--- Exercise ---
Find every line in the entries that holds the string "Tesla" and report it.

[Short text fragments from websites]
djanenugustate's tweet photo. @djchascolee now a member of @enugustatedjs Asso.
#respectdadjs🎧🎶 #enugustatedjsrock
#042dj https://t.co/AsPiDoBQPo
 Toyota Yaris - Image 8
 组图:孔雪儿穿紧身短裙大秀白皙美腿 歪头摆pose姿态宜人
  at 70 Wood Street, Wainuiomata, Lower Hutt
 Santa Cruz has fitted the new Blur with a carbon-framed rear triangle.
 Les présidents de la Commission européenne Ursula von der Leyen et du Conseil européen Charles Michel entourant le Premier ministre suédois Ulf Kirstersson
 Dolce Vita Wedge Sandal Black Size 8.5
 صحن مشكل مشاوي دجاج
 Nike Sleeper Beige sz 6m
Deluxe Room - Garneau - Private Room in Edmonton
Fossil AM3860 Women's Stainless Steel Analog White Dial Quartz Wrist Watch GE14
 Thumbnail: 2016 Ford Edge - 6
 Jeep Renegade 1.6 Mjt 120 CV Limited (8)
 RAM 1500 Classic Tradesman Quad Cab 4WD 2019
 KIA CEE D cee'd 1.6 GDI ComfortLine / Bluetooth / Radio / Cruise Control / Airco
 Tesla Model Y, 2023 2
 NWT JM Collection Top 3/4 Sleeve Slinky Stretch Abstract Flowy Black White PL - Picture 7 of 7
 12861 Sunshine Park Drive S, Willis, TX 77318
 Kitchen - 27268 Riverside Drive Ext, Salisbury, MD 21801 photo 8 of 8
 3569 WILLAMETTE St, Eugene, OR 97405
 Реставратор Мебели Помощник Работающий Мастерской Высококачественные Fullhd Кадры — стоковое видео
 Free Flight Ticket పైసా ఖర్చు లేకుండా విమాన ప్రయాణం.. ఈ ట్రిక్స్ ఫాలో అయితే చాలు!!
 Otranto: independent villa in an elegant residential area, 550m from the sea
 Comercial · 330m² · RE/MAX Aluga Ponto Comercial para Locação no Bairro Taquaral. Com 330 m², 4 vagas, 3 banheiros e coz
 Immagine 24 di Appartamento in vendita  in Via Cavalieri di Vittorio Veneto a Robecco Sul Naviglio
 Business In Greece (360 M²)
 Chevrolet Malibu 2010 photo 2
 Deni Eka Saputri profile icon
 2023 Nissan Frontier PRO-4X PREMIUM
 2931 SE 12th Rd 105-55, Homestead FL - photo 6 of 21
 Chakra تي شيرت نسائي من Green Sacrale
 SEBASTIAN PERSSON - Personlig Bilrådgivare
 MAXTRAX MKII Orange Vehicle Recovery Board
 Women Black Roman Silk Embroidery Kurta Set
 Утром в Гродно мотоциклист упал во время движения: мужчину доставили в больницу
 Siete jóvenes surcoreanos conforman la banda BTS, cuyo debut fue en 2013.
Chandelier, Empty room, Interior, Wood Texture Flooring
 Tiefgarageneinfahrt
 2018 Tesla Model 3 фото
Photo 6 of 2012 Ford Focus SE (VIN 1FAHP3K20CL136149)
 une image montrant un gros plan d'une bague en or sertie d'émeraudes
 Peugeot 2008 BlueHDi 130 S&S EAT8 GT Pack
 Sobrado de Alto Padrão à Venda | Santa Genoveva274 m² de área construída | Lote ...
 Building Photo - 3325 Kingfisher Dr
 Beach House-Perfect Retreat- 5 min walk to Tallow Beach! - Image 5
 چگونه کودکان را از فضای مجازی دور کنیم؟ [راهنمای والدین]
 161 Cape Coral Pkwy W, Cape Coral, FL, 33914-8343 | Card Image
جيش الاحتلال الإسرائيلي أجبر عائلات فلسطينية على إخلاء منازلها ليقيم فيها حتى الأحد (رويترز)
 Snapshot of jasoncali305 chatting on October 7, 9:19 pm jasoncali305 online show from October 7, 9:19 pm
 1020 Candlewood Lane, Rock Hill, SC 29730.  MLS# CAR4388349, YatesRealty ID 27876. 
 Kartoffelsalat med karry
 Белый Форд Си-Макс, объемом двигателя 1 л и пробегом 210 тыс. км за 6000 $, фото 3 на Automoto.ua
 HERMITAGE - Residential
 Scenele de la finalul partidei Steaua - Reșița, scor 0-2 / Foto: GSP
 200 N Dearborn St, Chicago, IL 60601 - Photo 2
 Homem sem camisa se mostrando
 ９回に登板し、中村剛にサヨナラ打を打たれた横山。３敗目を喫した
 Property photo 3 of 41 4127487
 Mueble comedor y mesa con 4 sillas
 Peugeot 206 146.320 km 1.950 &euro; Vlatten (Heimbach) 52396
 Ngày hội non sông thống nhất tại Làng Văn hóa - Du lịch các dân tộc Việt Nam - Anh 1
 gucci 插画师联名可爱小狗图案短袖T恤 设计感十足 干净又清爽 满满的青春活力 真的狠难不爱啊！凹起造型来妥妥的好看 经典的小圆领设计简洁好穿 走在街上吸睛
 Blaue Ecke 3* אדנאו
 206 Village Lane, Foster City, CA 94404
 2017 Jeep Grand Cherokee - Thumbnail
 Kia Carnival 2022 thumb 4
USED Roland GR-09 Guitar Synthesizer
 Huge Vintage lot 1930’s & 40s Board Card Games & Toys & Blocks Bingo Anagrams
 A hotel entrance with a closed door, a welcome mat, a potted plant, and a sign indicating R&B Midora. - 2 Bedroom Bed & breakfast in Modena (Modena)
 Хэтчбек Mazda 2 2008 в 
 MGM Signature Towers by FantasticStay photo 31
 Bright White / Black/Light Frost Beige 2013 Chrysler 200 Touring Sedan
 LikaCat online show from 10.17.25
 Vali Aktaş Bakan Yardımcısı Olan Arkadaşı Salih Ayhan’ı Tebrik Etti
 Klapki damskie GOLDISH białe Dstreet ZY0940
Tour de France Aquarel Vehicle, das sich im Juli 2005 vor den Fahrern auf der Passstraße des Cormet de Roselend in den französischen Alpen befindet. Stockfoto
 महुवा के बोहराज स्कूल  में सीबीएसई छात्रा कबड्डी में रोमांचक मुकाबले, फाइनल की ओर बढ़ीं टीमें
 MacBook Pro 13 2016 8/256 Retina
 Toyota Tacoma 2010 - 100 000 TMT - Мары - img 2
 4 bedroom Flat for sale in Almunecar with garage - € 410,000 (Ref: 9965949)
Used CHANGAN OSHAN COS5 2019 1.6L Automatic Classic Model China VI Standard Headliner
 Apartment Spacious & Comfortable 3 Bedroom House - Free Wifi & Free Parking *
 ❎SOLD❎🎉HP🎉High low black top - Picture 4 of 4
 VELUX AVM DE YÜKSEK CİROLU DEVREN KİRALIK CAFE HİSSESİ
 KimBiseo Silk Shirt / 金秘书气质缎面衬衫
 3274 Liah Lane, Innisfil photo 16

--- Answer box ---
 Tesla Model Y, 2023 2
 2018 Tesla Model 3 фото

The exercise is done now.